> **TASK DETAILS**
Among the lines below, take the one holding "K&ouml;nnte beinhalten: Ein", the one holding "living room with", and all lines between them. Set them down exactly.

Stored data entries

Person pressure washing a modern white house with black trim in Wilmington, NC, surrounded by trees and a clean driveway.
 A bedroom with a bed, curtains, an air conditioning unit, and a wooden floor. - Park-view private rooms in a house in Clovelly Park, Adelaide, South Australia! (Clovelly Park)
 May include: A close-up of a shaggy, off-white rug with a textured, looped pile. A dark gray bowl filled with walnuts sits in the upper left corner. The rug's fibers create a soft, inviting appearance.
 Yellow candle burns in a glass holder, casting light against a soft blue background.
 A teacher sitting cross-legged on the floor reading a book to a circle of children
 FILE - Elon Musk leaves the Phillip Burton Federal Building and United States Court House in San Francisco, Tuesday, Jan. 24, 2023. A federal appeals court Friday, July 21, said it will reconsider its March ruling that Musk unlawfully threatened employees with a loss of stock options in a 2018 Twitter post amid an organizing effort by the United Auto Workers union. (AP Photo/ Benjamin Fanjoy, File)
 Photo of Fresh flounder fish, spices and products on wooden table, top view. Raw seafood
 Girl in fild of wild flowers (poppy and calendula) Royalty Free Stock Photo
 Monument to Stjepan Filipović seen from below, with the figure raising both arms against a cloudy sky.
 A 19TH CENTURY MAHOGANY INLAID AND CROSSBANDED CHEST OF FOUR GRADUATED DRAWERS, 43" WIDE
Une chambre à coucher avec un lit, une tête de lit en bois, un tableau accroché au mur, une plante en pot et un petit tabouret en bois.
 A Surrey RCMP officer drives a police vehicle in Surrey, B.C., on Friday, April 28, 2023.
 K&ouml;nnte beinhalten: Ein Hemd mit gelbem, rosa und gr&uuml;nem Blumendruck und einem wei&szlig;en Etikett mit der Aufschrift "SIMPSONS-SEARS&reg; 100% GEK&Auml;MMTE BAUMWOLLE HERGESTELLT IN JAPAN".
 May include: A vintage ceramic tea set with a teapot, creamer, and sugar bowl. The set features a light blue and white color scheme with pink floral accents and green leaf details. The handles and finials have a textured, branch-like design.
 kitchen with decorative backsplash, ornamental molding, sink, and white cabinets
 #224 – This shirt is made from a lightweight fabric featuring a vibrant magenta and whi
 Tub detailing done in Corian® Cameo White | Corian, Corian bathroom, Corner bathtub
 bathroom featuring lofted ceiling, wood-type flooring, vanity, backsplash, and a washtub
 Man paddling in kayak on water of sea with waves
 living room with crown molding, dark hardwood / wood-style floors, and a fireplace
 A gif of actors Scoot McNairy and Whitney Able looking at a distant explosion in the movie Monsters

> **EXPECTED OUTPUT**
 K&ouml;nnte beinhalten: Ein Hemd mit gelbem, rosa und gr&uuml;nem Blumendruck und einem wei&szlig;en Etikett mit der Aufschrift "SIMPSONS-SEARS&reg; 100% GEK&Auml;MMTE BAUMWOLLE HERGESTELLT IN JAPAN".
 May include: A vintage ceramic tea set with a teapot, creamer, and sugar bowl. The set features a light blue and white color scheme with pink floral accents and green leaf details. The handles and finials have a textured, branch-like design.
 kitchen with decorative backsplash, ornamental molding, sink, and white cabinets
 #224 – This shirt is made from a lightweight fabric featuring a vibrant magenta and whi
 Tub detailing done in Corian® Cameo White | Corian, Corian bathroom, Corner bathtub
 bathroom featuring lofted ceiling, wood-type flooring, vanity, backsplash, and a washtub
 Man paddling in kayak on water of sea with waves
 living room with crown molding, dark hardwood / wood-style floors, and a fireplace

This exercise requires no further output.